Page through the Neiman Marcus Christmas Book and you're bound to come up with a rose-gold something. In this year's case, it's a Cobalt Valkyrie-X private jet coated in the metallic hue of the season, selling for a cool $1.5 million. In case shoppers were confused, the plane "is a premium way to fly," according to the catalog, which handily calls it "just the thing if time is of the essence."
Always opulent, the Dallas-based department store's holiday catalog doesn't disappoint in 2016. In fact, the jet is more than $1 million more than last year's priciest offering, which was a trip to India. And despite its trendy sheen, the plane is lacking the celebrity of 2015's $150,000 motorcycle custom-built by Keanu Reeves. Mr. Reeves was most likely too tied up filming "John Wick, Chapter 2" to lend his mechanical prowess to outfitting the Valkyrie-X. Still, with every plane purchase, Neiman Marcus plans to donate $200,000 to its art charity foundation.
This marks the Book's 90th year after its first publication as a 16-page leaflet in 1926. The annual offering is more of an exercise in brand marketing than a realistic direct sales endeavor, say experts.
Neiman Marcus' Book, and a similar offering from London-based Harrod's, provide the high-end brands with the ability to prove quality and breadth of merchandise, two important emotional engagement drivers for department stores, said Robert Passikoff, founder of consultancy Brand Keys.
"From a media perspective, [these catalogs] are not readily tossed into the recycling bin, so whether you are purchasing a private island or a weekend retreat at a castle…they are there as brand reminders for months, if not years," he said.

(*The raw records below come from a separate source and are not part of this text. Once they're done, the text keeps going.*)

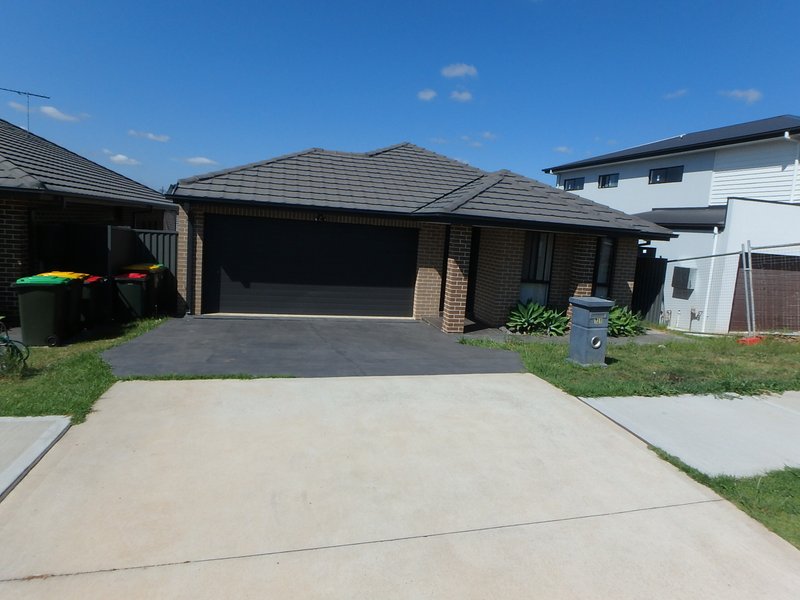 127 Flynn Avenue, Middleton Grange NSW 2171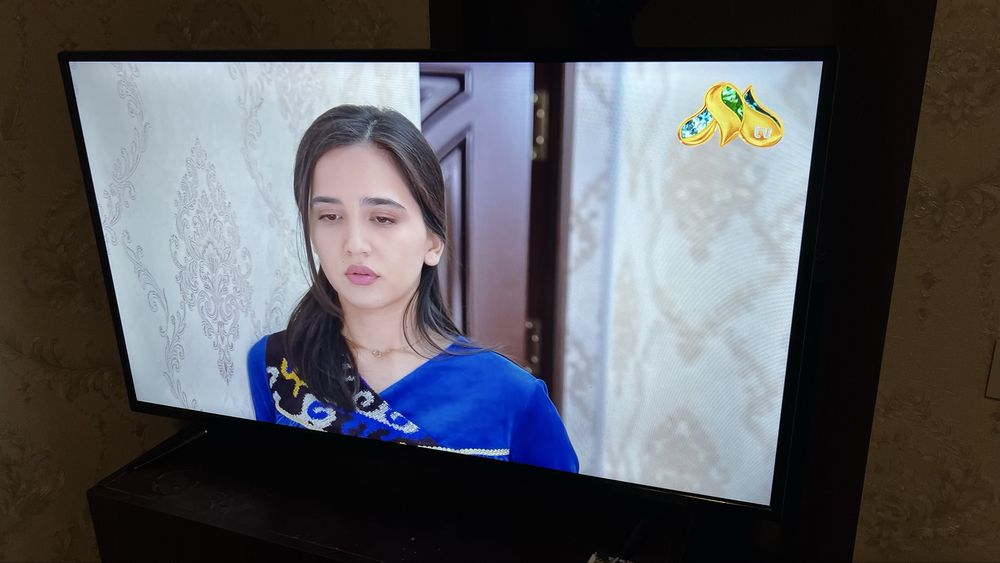 Продам телевизор smart  tv  42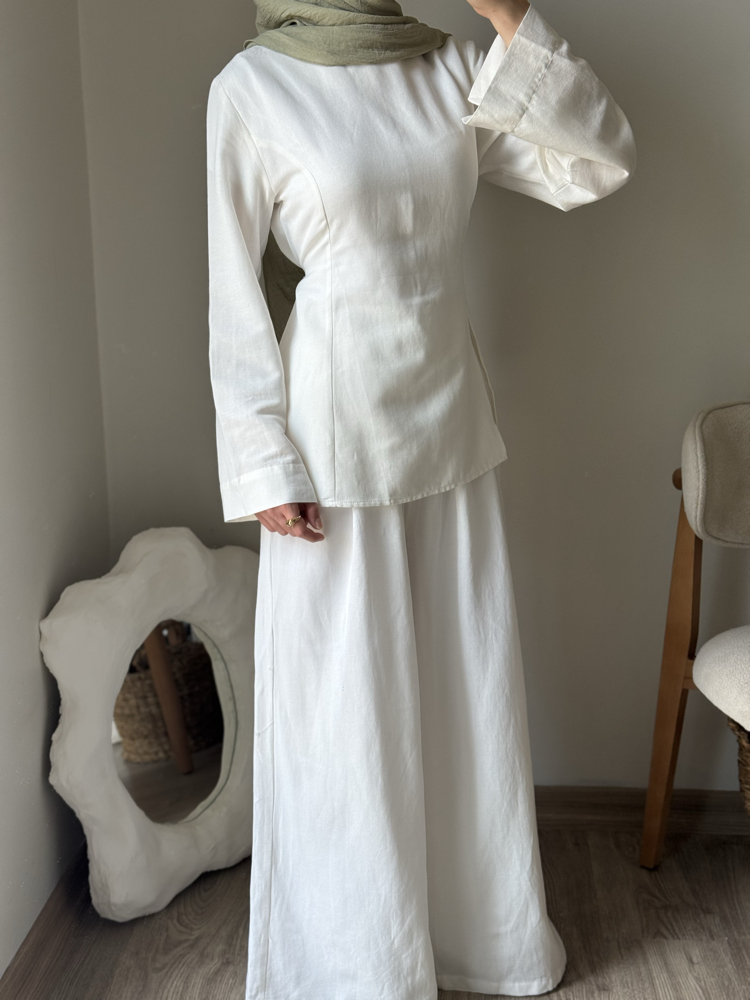 Yırtmaçlı pantolon takım / beyaz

Weighing in at 300 pages—that's 104 more than last year's—Neiman Marcus' Book features more than 700 items this year. Like last year, 40% of the goods are priced under $250, but ouch to the wallets on that other 60%. Other standout items include a $7,599 tennis table in reclaimed wood with a leather net (paddles included); his-and-hers island cars trimmed out in Lily Pulitzer prints for $65,000 each; and a $395 child's battery-operated Maserati, which is driven by a cape-wearing toddler on page 273. Those looking to channel their inner "Downton Abbey" can pony up $700,000 to spend a week of Lady-Mary luxury at three English estates, while fans of the classics might be inclined to spend $100,000 on a curated assortment of three dozen children's books that are first editions or early printings.
Of course, there are a few items that could appeal to the 99%. The catalog offers a $10 double Old-fashioned glass with a gold monogrammed initial. Or cash-strapped shoppers might gravitate to a six-pack of marshmallows retailing for $10—divided amongst six friends, that's less than $1.67 a marshmallow. And a sign that the rose-gold trend may be losing its luster—an $80 pair of tweezers in that metal is featured in the beauty section on page 228.
In general, catalogs remain effective marketing tools, and even some native ecommerce brands, like Bonobos and Rent the Runway, mail out their own multi-page missives as a way of connecting with customers.
"The physical receipt of a catalog can also carry more resonance with the consumer, conveying the lifestyle look and feel of the brand and bringing it directly into the hands of the consumer," said Neil O'Keefe, senior VP of CRM and member engagement at DMA-the Data & Marketing Association. "Many brands have seen returns on modern catalogs as they come alongside in synchronicity with brand messaging from other channels and devices."
Neiman Marcus' catalog mails out to 750,000 households this year.